Implications and Future Directions
YOCO-U exemplifies a scalable architecture balancing computational depth, memory efficiency, and inference throughput. Efficient depth scaling via parameter-sharing recursion in shallow efficient-attention blocks offers practical advantages for serving LLMs in long-context tasks within constrained hardware budgets. The capability-efficiency gains achieved by YOCO-U suggest the trajectory for future LLM architectures: decoupling depth scaling from memory overhead, hybridizing efficient-attention recursion with static global retrieval, and leveraging loop scaling for both training and inference workloads.
This architecture is well-suited for multimodal and agentic LLMs requiring real-time complex reasoning at scale.

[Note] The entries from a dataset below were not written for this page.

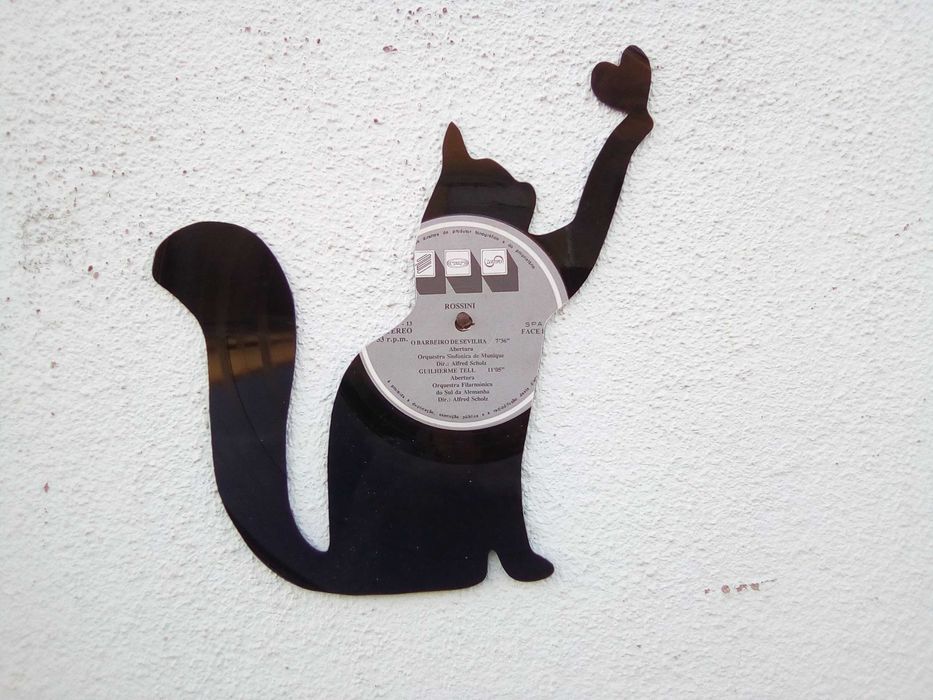 Silhueta Gato feita de um disco de vinil LP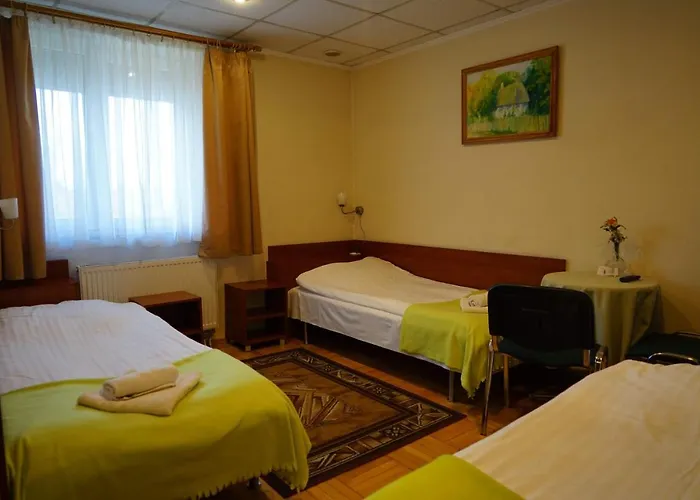 8 Km Od Suntago, Deepspot 3*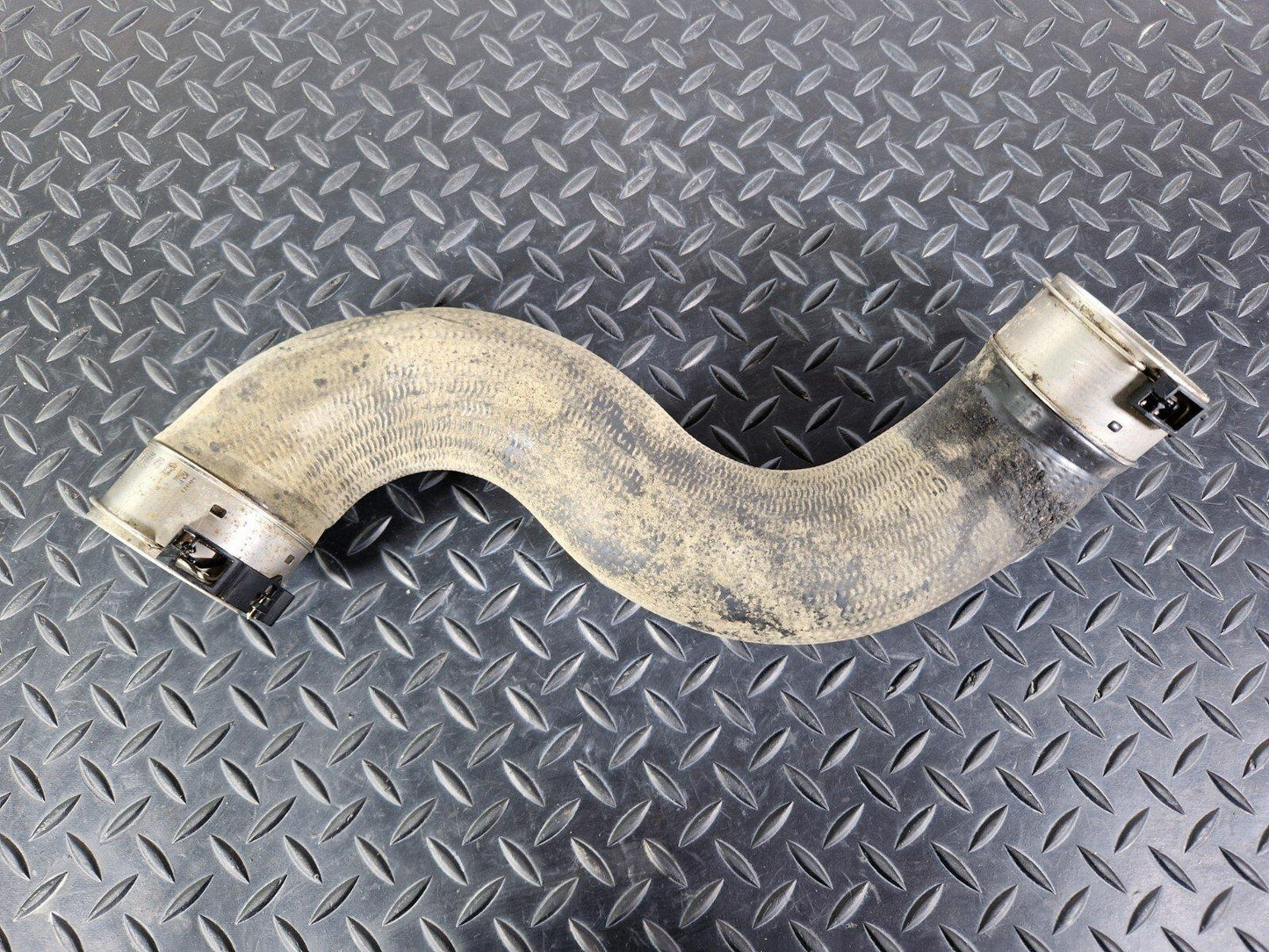18-ON MERCEDES BENZ SPRINTER W907 W910 TURBO INTERCOOLER HOSE PIPE A9105280800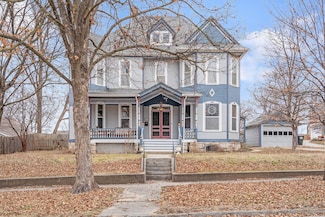 611 High St, Boonville, MO 65233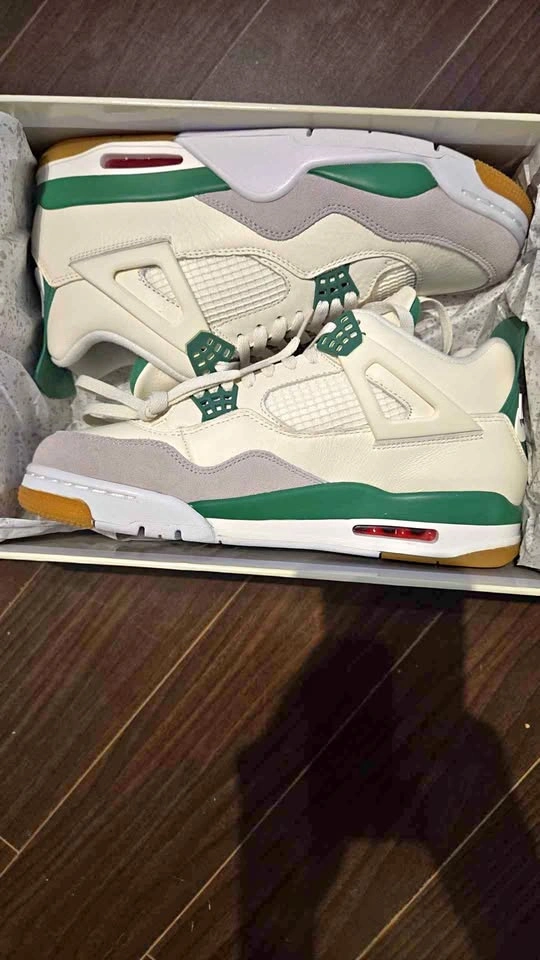 Jordan 4 SB Pine Green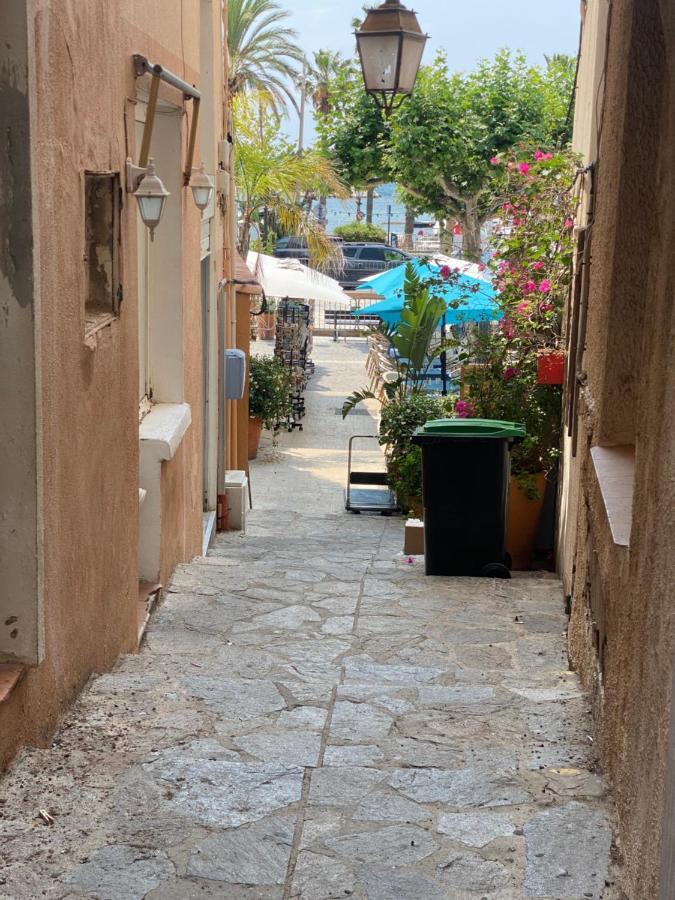 T2 Coquet Le Lavandou Plein Centre Vue Mer Exceptionnelle. Διαμέρισμα Εξωτερικό φωτογραφία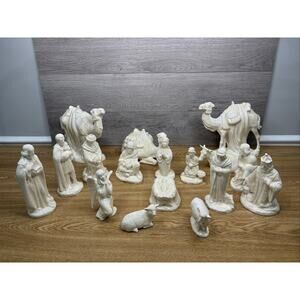 1970’s HOLLAND Mold Nativity Scene Ceramic Hand Painted Iridescent Glaze ~17 Pc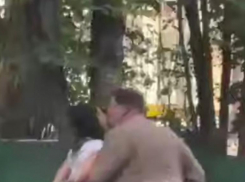 Григория Лепса застали за поцелуями с юной невестой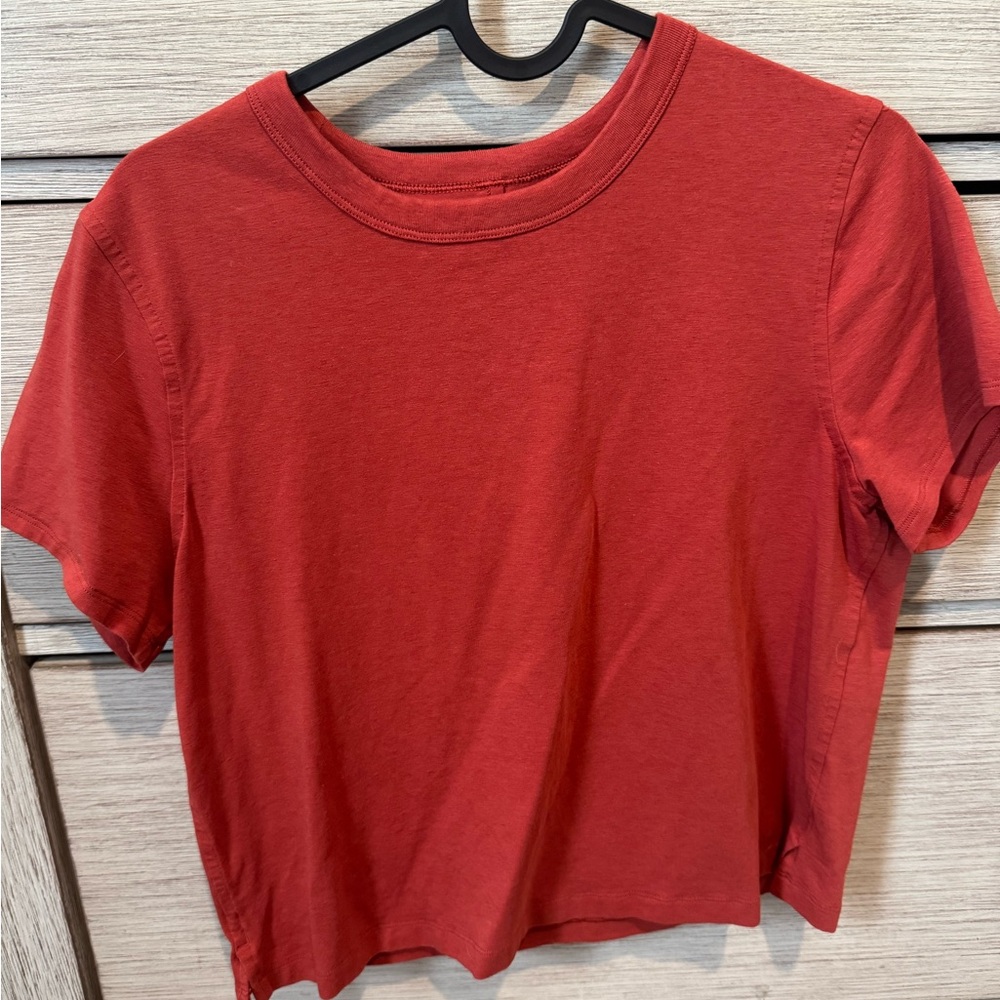 Lululemon Crop T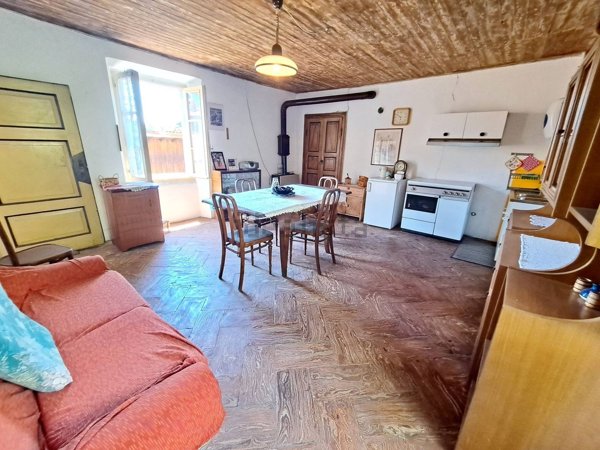 casa indipendente in vendita a Gravedona ed Uniti in zona Gravedona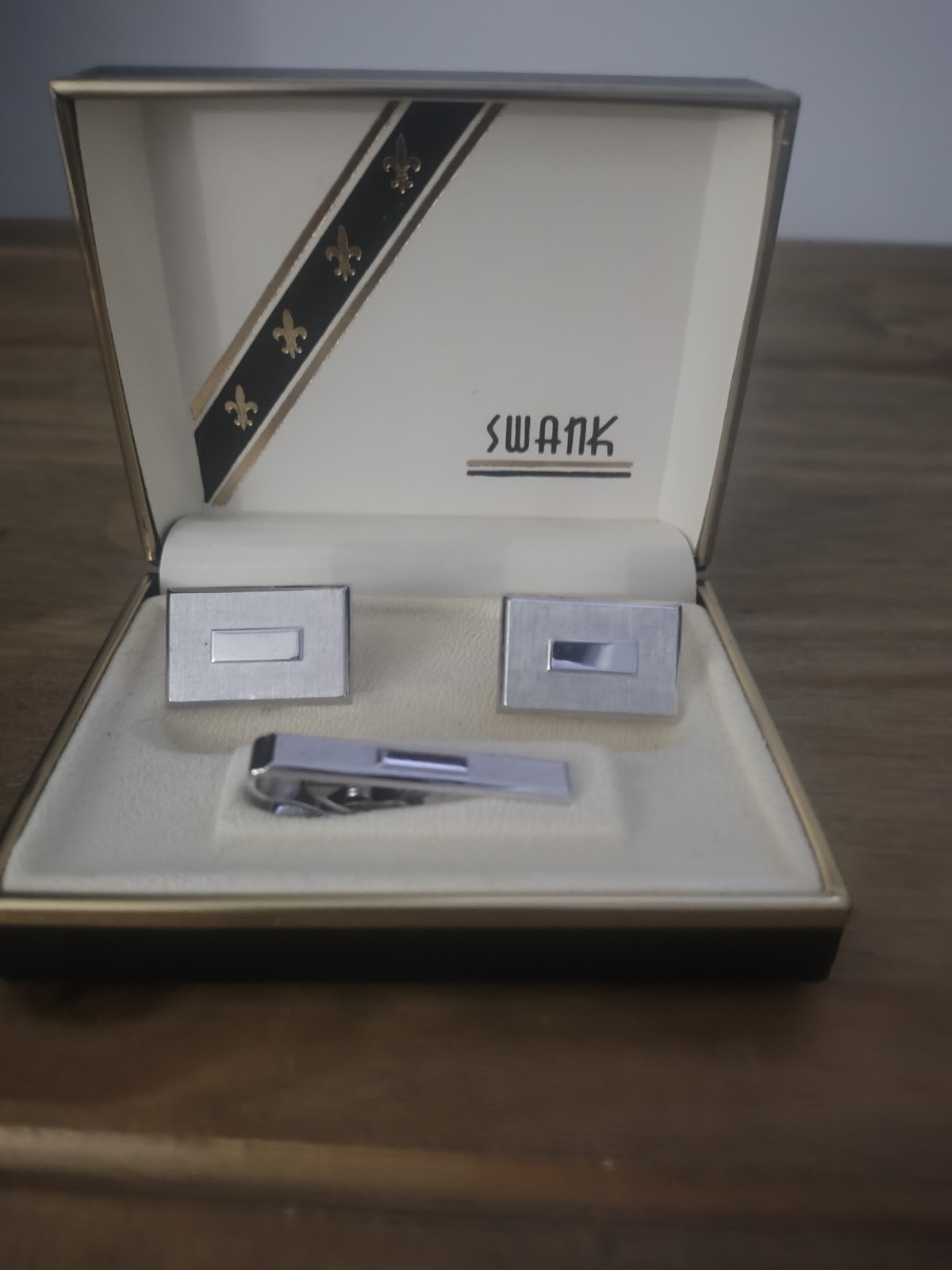 Vintage Swank Silver Tone Cufflinks Set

Investigating further hybrid recursion strategies and dynamic loop control, as well as integration into cross-modal models, are promising future directions for efficient, capable, and cost-effective foundation models.
Conclusion
Universal YOCO-U provides a robust, efficient framework for recursive depth scaling in LLMs, unifying efficient-attention recursion with constant global KV cache management. YOCO-U achieves superior scaling properties, improved token utility, and enhanced reasoning performance while maintaining inference efficiency and minimizing memory overhead. The synergy between partial recursion and efficient-attention architectures establishes a practical foundation for scalable LLM systems (2604.01220).